The restraining order has since elapsed and been replaced by a preliminary injunction. True the Vote has not yet appealed the injunction, so the panel did not rule on it. But is vacated the contempt order because it was premised on the restraining order. It also remanded the case back to Hoyt “for further proceedings consistent with the Federal Rules.”

The panel consisted of Circuit Judges Catharina Haynes, a George W. Bush appointee; Kurt Engelhardt, a Trump appointee; and Andrew Oldham, a Trump appointee.

“The Fifth Circuit’s powerful ruling lays bare the excesses of Konnech, their attorneys, and the lower court,” True the Vote told The Epoch Times via email. “Catherine and Gregg offer their profound gratitude to the Fifth Circuit’s vindication and are committed more strongly than ever to defending the integrity of American elections.”

The office of Konnech Corporation in Okemos, Mich., near Lansing, on Oct. 8, 2022. (Steven Kovac/Epoch Times)
The office of Konnech Corporation in Okemos, Mich., near Lansing, on Oct. 8, 2022. (Steven Kovac/Epoch Times)

Writ

In their request for a ruling, or writ of mandamus, Engelbrecht and Phillips said Hoyt erred because he entered the restraining order without any evidence from Konnech, which sued True the Vote and the leaders for defamation, and without allowing defendants to put forth all relevant evidence.

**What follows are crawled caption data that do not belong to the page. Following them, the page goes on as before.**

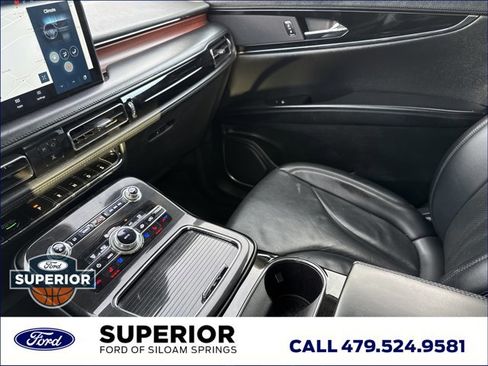Used 2023 Lincoln Nautilus Reserve image 24
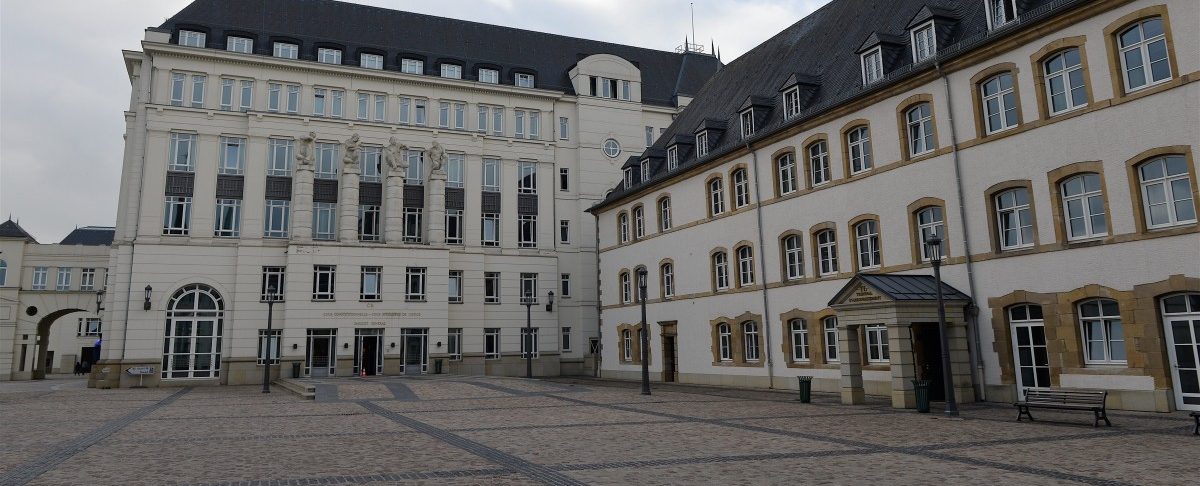 Krankenschein gefälscht: Drei Monate Haft auf Bewährung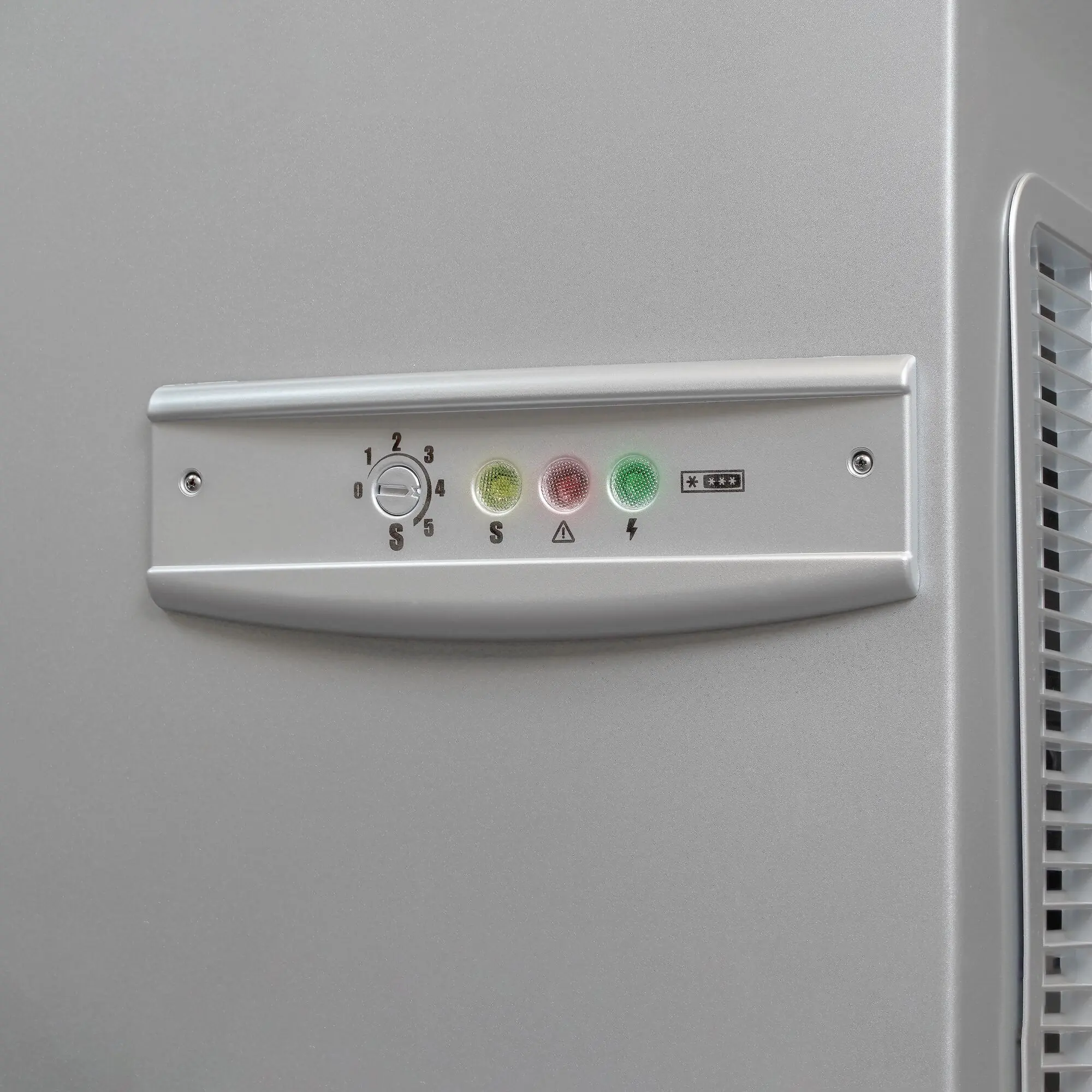 Морозильный ларь GGM Gastro TTG236EN (Grey) - 4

The order stemmed from Phillips viewing data believed to be from Konnech in a hotel room in 2021. Phillips has claimed that Mike Hasson, another FBI informant, obtained the data from servers in China.

Defendants said they fully complied with the order except for withholding the name of the second informant, who was never alleged to have accessed any of Konnech’s computers and who Phillips has said would be endangered by having their name made public.

Opposition

Konnech opposed both the release of the defendants from jail and the vacating of the contempt order.

Lawyers for the firm said that defendants “have no one but themselves to blame for their confinement” and that they could immediately free themselves if they supplied the identity they were withholding.

In its opposition to the writ, Konnech added that Hoyt “correctly exercised his coercive contempt power and should be permitted to continue to use the coercive and compensatory contempt tools available to all federal judges to enforce his orders.”

Konnech also said that True the Vote leaders have shown no evidence that the person who is not being identified is an FBI informant and “have presented no evidence and cited no authority to warrant their refusal to disclose the individual’s identity.” The firm’s lawyers also noted that a lawyer for the defendants said during a hearing that the FBI was not interested in shielding the information.

“At bottom, the third person’s identity is needed to discover the truth about what really happened and remedy the situation,” the firm claimed.